Though AUD/USD was mostly unscathed from the Italian election disappointment, the same could not be said for USD/JPY, which is highly sensitive to risk trends. USD/JPY has fallen tremendously from above 94.0 opening this week to below 91.0 within 12 hours, and this effect is visible on other Yen pairs, including AUD/JPY.
Short-term chart is showing a rebound after breaking the support just above 95.0. The reasons of this rebound is fairly similar to the one found on Nikkei 225  – Abenomics followers seeking bargain. However price is unable to break above the support turned resistance, and this failure has now become a confirmation of the bearish breakout. However conservative traders may prefer to hold for a break of the previous swing low around 93.50 for additional confirmation of bearish intention, as price could simply be forming a new consolidation channel below the 95.0 level. Stochastic may agree with such a scenario as readings are close to the Oversold region, with readings potentially forming a trough when price is around 93.50.

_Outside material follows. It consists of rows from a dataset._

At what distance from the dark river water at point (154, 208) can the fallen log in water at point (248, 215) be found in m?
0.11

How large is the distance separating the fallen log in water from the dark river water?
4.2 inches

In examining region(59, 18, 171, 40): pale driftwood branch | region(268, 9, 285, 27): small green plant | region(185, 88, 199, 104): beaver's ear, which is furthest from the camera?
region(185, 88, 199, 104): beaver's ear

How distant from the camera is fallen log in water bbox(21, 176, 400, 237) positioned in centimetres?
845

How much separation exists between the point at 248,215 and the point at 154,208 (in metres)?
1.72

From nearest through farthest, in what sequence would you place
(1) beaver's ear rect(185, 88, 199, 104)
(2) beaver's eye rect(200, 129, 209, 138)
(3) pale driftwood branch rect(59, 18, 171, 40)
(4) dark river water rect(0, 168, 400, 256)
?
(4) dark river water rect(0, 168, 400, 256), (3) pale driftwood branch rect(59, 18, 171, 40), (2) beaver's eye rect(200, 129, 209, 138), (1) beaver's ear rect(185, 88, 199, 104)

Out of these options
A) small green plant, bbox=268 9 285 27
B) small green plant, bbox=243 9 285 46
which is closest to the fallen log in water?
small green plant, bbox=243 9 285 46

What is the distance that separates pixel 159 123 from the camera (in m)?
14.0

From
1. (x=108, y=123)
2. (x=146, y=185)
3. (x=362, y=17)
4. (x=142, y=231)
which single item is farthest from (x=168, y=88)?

Daily Chart shows the initial stages of a breakout with price falling below the rising trendline. The recovery of price also fell short of testing the trendline, placing bears on pole position. From the perspective of Daily Chart, price could also find potential support below 93.50 in the form of the consolidation zone from the entire Jan trading range.

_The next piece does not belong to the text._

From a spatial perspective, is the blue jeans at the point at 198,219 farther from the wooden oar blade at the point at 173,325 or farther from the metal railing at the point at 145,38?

There may be further fundamental reasons why a bearish breakout on long-term chart can fly. Earlier, AUD/JPY has been propped up mostly by Yen’s weakness rather than Aussie’s strength, due to dovish statements coming out from RBA. With risk trends strengthening the Yen even after yesterday’s USD/JPY rally, it will be hard for Yen to continue weakening on mere Abenomics hopes alone. Though RBA has recently appeared less dovish than before, AUD/USD continue to look weak, and it seems that market is still believing that a rate cut in 2013 is possible, though perhaps not in the near future. The bearish breakout technical scenario fits in well with such fundamental outlook, and hence could find more traction/momentum when the breakout has been confirmed.